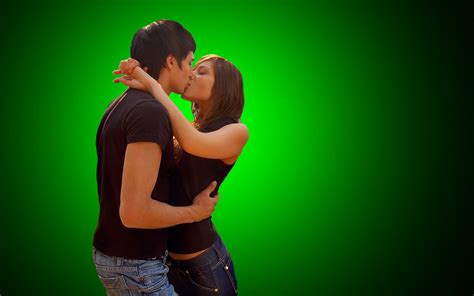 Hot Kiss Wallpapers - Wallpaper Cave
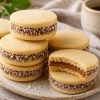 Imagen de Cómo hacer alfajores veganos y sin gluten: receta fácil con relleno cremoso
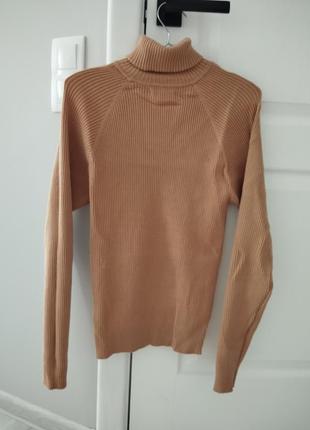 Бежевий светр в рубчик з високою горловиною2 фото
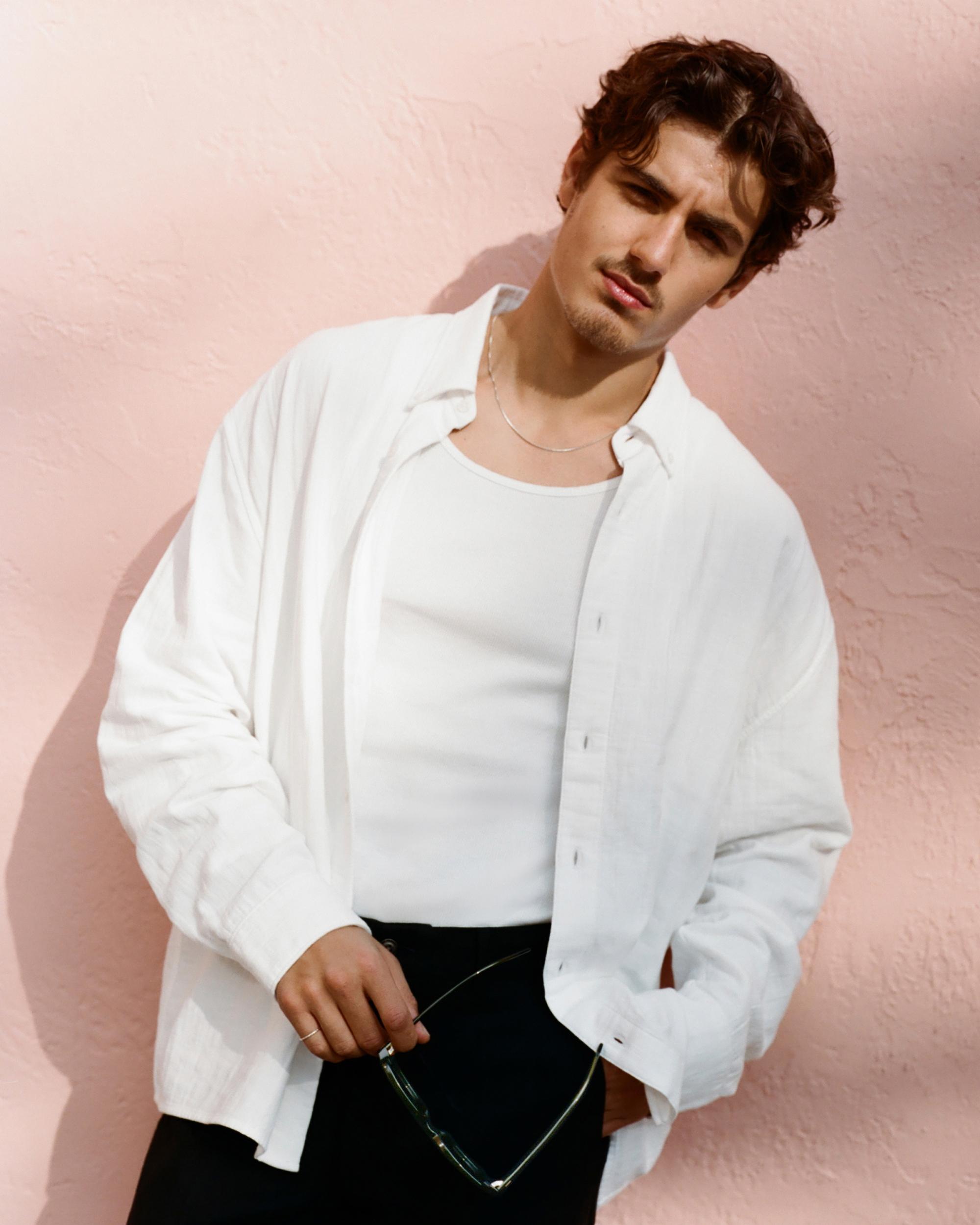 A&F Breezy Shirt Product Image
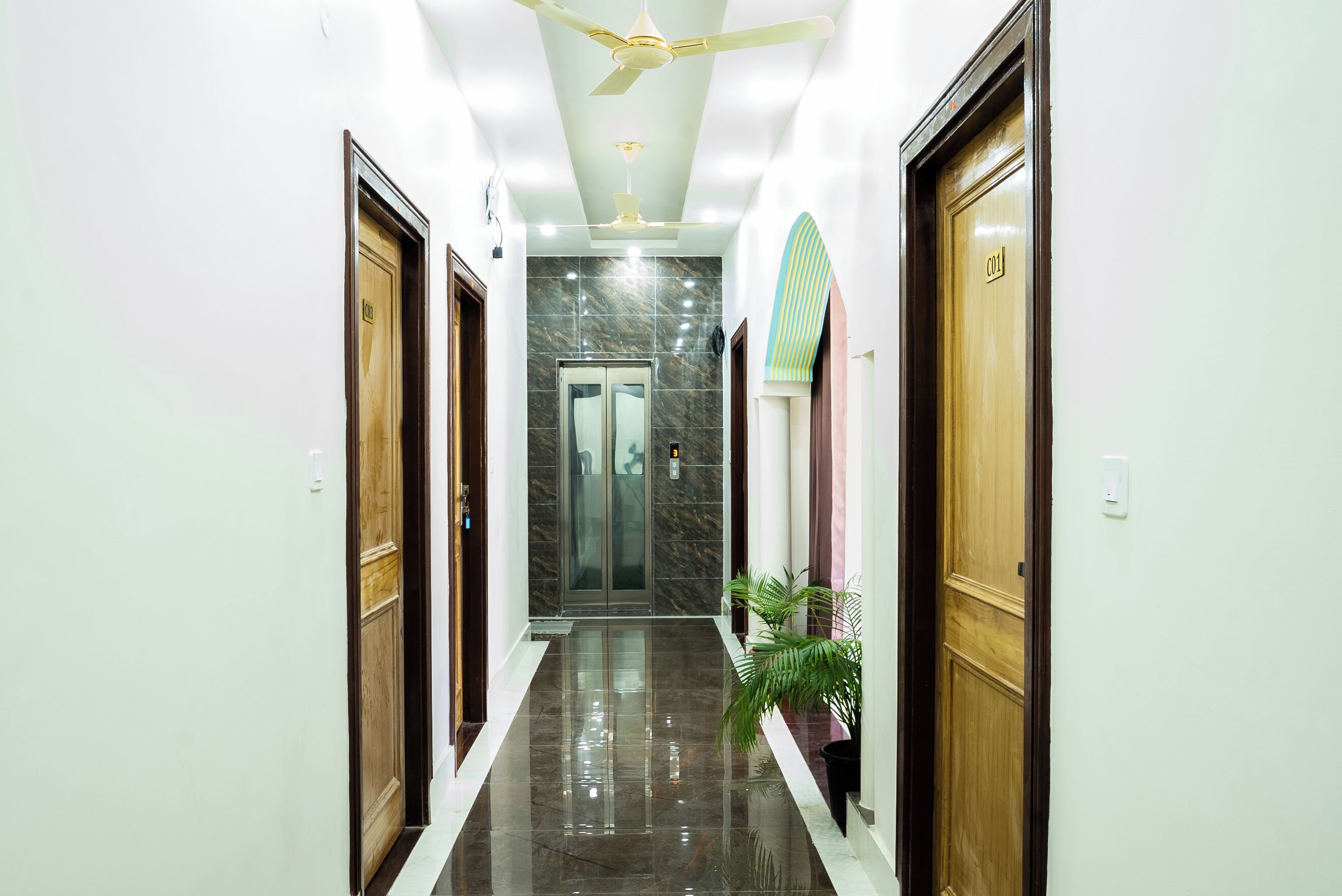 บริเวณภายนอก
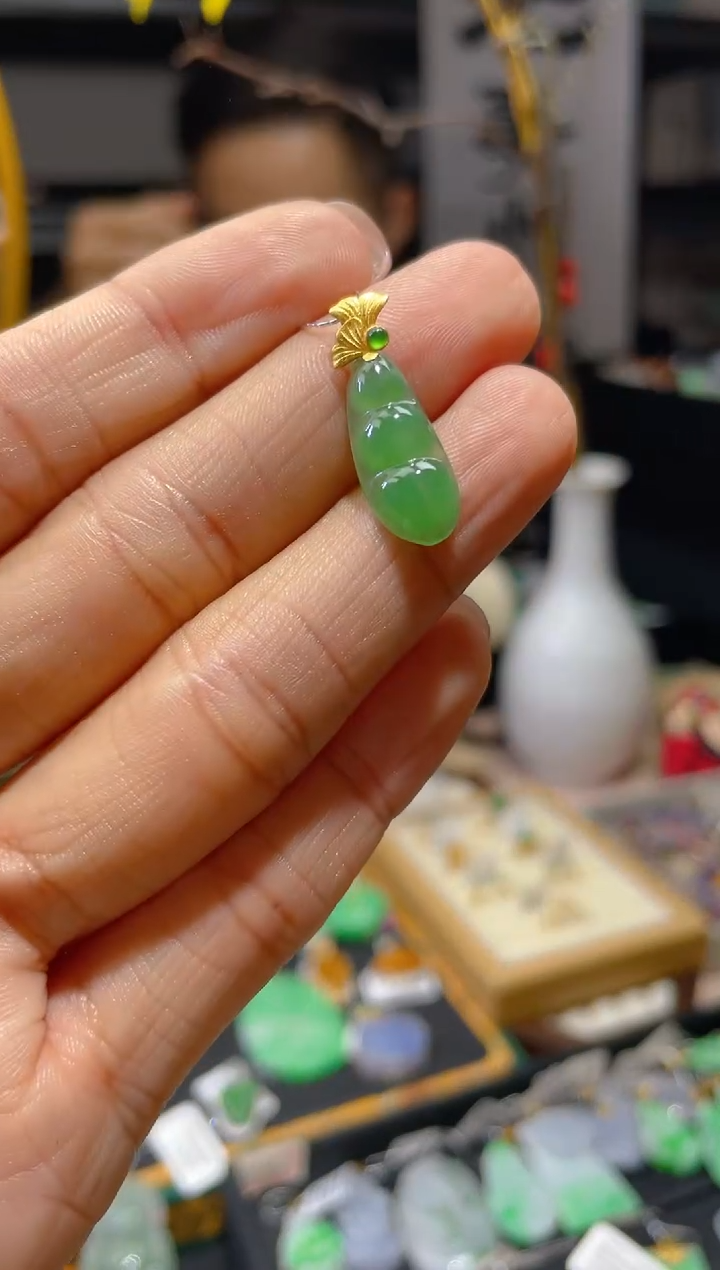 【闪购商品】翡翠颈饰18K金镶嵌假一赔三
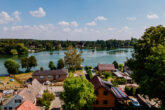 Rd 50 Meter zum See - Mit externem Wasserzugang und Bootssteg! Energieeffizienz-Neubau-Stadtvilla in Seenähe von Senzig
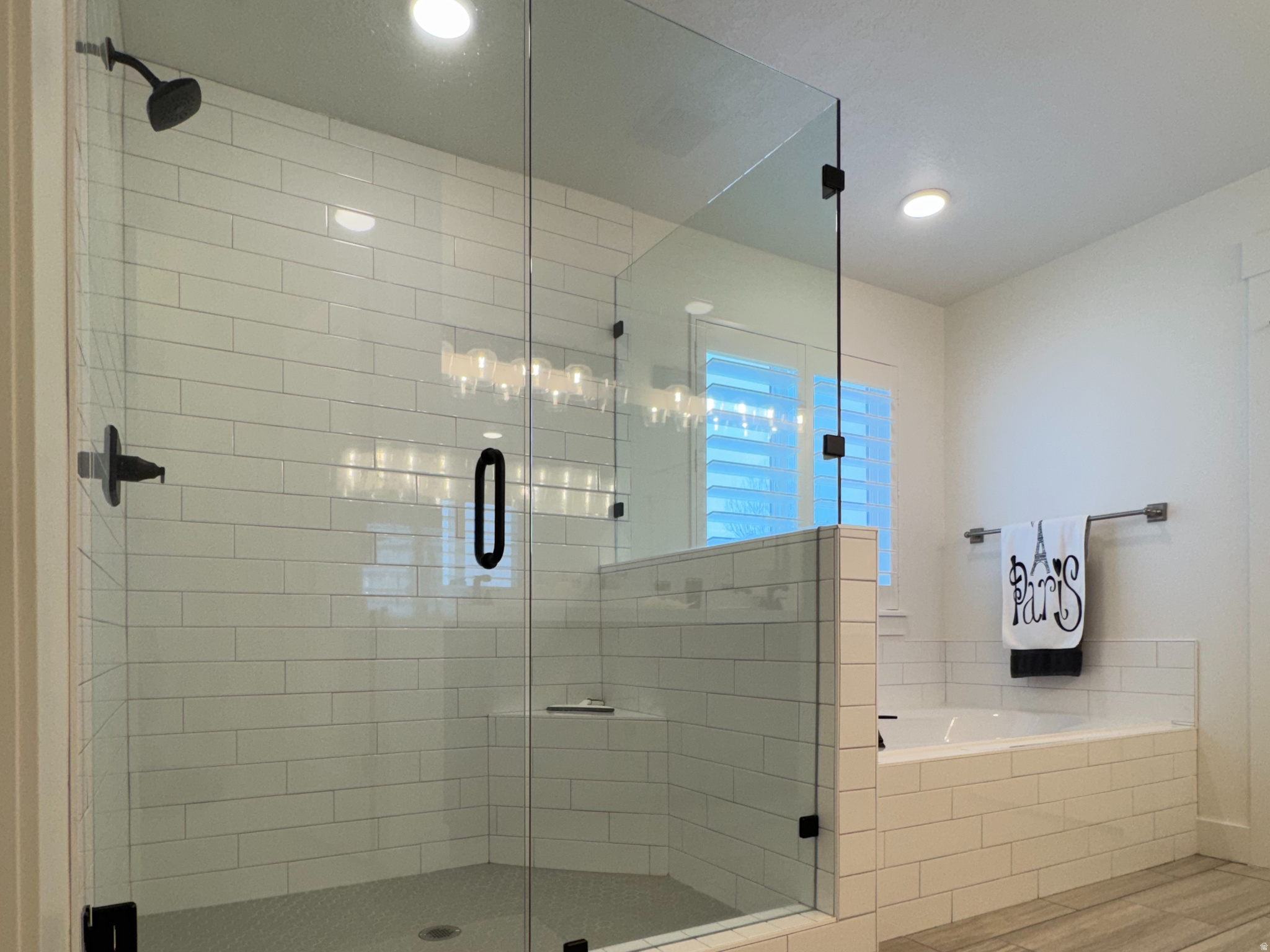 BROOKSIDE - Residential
...
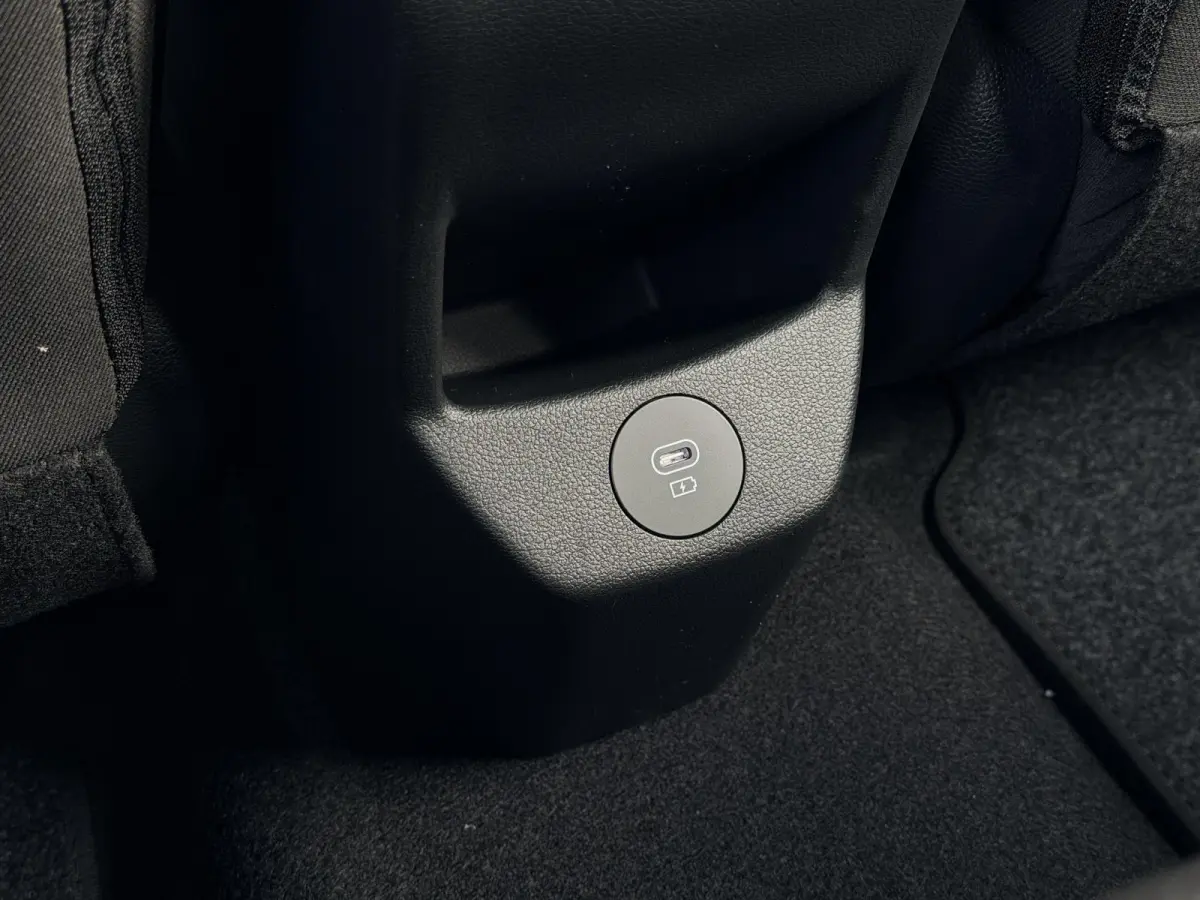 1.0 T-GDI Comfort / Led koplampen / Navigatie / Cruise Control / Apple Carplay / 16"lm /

* What you are asked to do *
Would you set down only the lines above from the line with "Imagen de Cómo" to the line with "BROOKSIDE - Residential", both included, exactly as they stand and without the pictures?

* Exercise output *
 Imagen de Cómo hacer alfajores veganos y sin gluten: receta fácil con relleno cremoso
 Бежевий светр в рубчик з високою горловиною2 фото
 A&F Breezy Shirt Product Image
 บริเวณภายนอก
 【闪购商品】翡翠颈饰18K金镶嵌假一赔三
 Rd 50 Meter zum See - Mit externem Wasserzugang und Bootssteg! Energieeffizienz-Neubau-Stadtvilla in Seenähe von Senzig
 BROOKSIDE - Residential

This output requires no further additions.